I am trying to get back into the groove here of blogging. But I am failing abominably at it. Nothing for it but to get back up and write about anything that comes to mind. Here's what's happening on the dairy now.
Last Saturday I started "The Whole30" plan. It's not really a "diet" as you'd think a diet should be. It's more of a lifestyle change really.
There are no calories to count.
No points to keep track of.
No portions to weigh.
Just lots and lots of whole, delicious foods to eat.
A friend asked if my food was boring. No, not really. I am, or was, a boring eater anyway. Though I do like the varied spices in Indian foods, and try to imitate their cuisine when I can. I am attempting to be a bit more creative with making my meals compliant to the program. We are supposed to go easy on the fruit, but I am probably pushing that rule to the limit.

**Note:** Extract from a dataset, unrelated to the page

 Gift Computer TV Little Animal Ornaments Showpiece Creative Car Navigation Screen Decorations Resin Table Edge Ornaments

Here's what the basic rules consist of:
For 30 days thou shalt not consume:
Wheat, in any form
Soy, in any form.
Legumes in any form, including green peas and peanuts or peanut butter
No dairy in any form
No sweeteners of any make or model in anything
No additives like MSG, modified corn starches...etc. They have a list.

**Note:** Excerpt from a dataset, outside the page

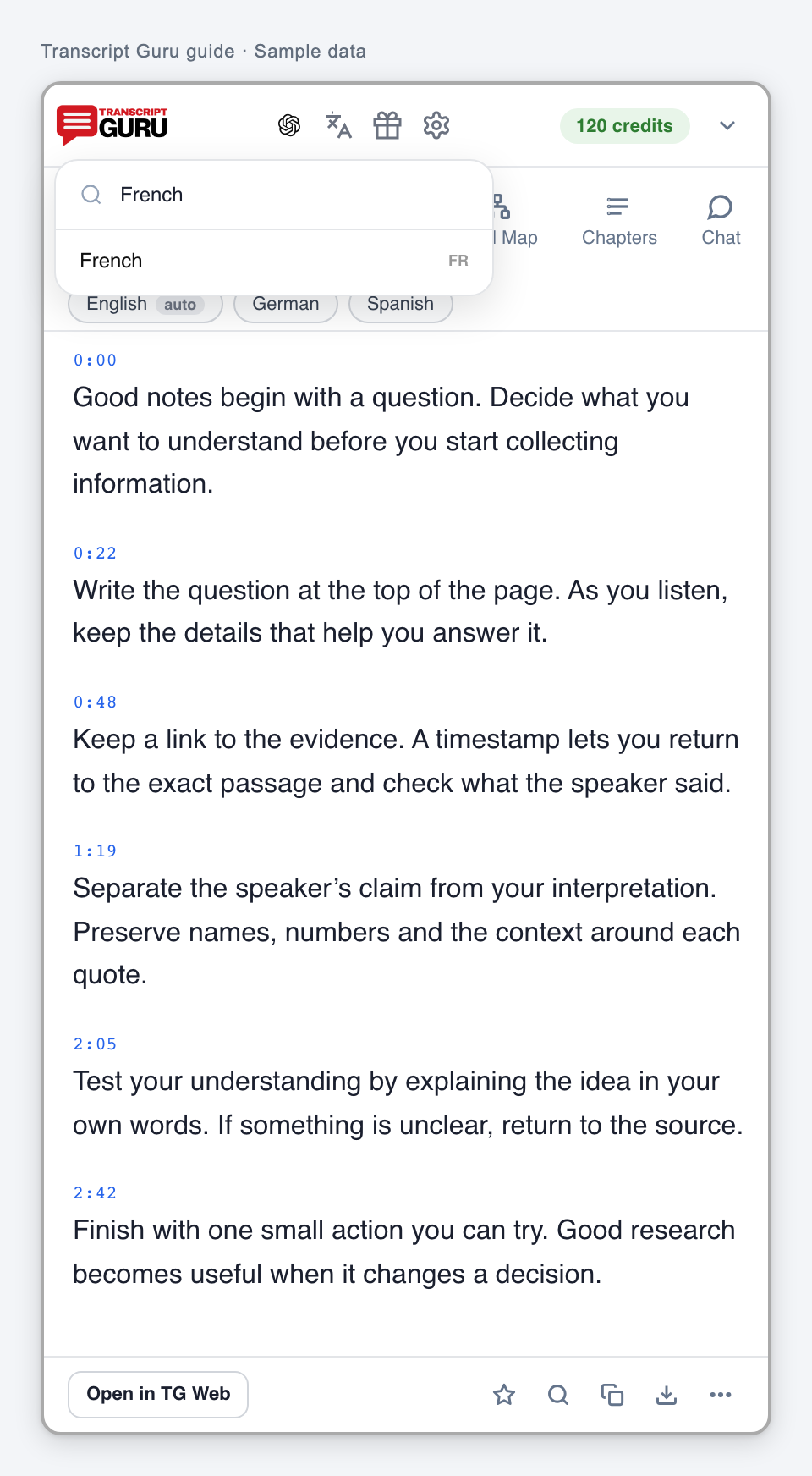 Find a language for translation. Current extension interface using sample data.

Nothing that has any of the above as an ingredient in any amount.
If you mess up; even a lick of a spoon or a stick of gum, you start all over.
Thou shalt consume:
You do this for 30 days. Today is day 8 for me. I feel pretty good. I can honestly say I don't really have any cravings for sugar or sweets now. Today I made a batch of apple butter. I didn't even lick the spoon. I let Ellen taste it, she said it was good, so I took her word for it.

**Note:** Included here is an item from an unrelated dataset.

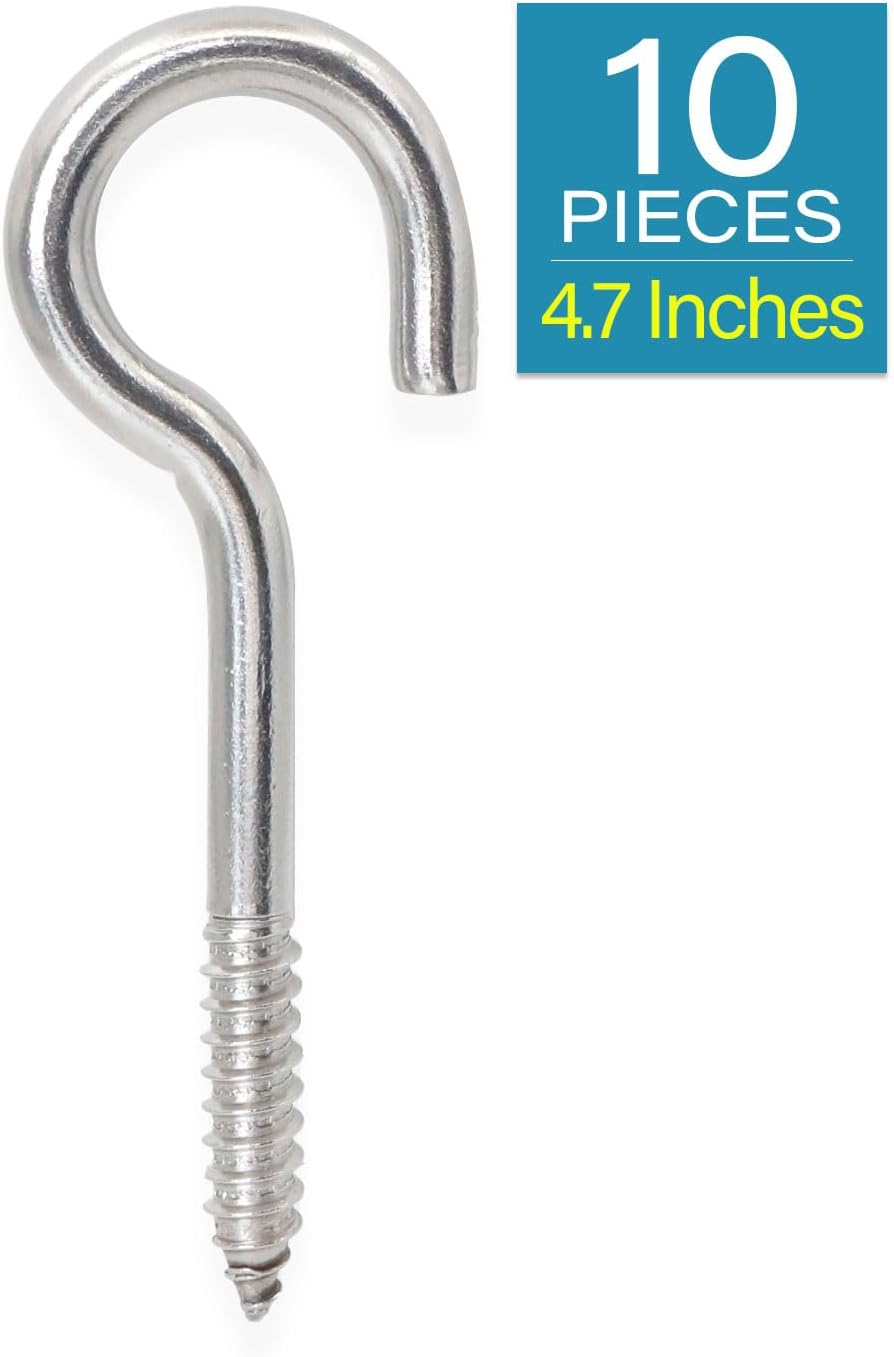 10 Pzas Ojal Acero Inox 304 4.7pulg para Madera y Soportes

What I do really miss, and this sort of surprises me, is gum. Usually I have a piece after a meal, so it's more habit than anything else.
Several people have asked "Why?"
Until I started this program I would go to bed at night berating myself for my poor food choices during the day. I would wake up determined to do better and then fall off the wagon again. Since Ellen was about a year old I have gained so much weight and seem to have little energy. And no matter how I tried I just couldn't break the sweet tooth habit. I would make small efforts that would last a day or even maybe a week, and then I'd give in to the cravings and start gaining weight again. A never-ending cycle.
It was awful.
I had come to the realization that I needed to take a drastic step. The old cliche about the definition of insanity has a grain of truth in it; you can't expect different results if you are doing the same stupid thing over and over and over and over.
So I took a drastic step. I am glad I did. I sleep better at night; not only because by body is no longer trying to come down off of a sugar high, but also because I no longer feel emotionally drained by mentally flogging myself for my poor food choices. I wake up in the morning knowing that I can eat as much as I want of wholesome foods.
Knowing without a doubt what I can and cannot have to eat really made things easy. And for me it's kind of a fun challenge to come up with menu items for ME that the fam will eat too. Really it's not that difficult. A chunk of meat, some peeled veggies, salt, pepper, garlic...another spice or two: chuck it in the crock pot. Voila!
Tomorrow I am going to make sweet potato chili. We shall see how that will go over.
(Thankful. I am thankful for that scripture: "I can do all things through Christ which strengtheneth me." Philippians 4:13. Several people6 have commented that they couldn't live without cream in their coffee, or some such. But I have a promise from God to sustain me.)
(Ellen added the number above, the one that's out of place. See if you can find it!)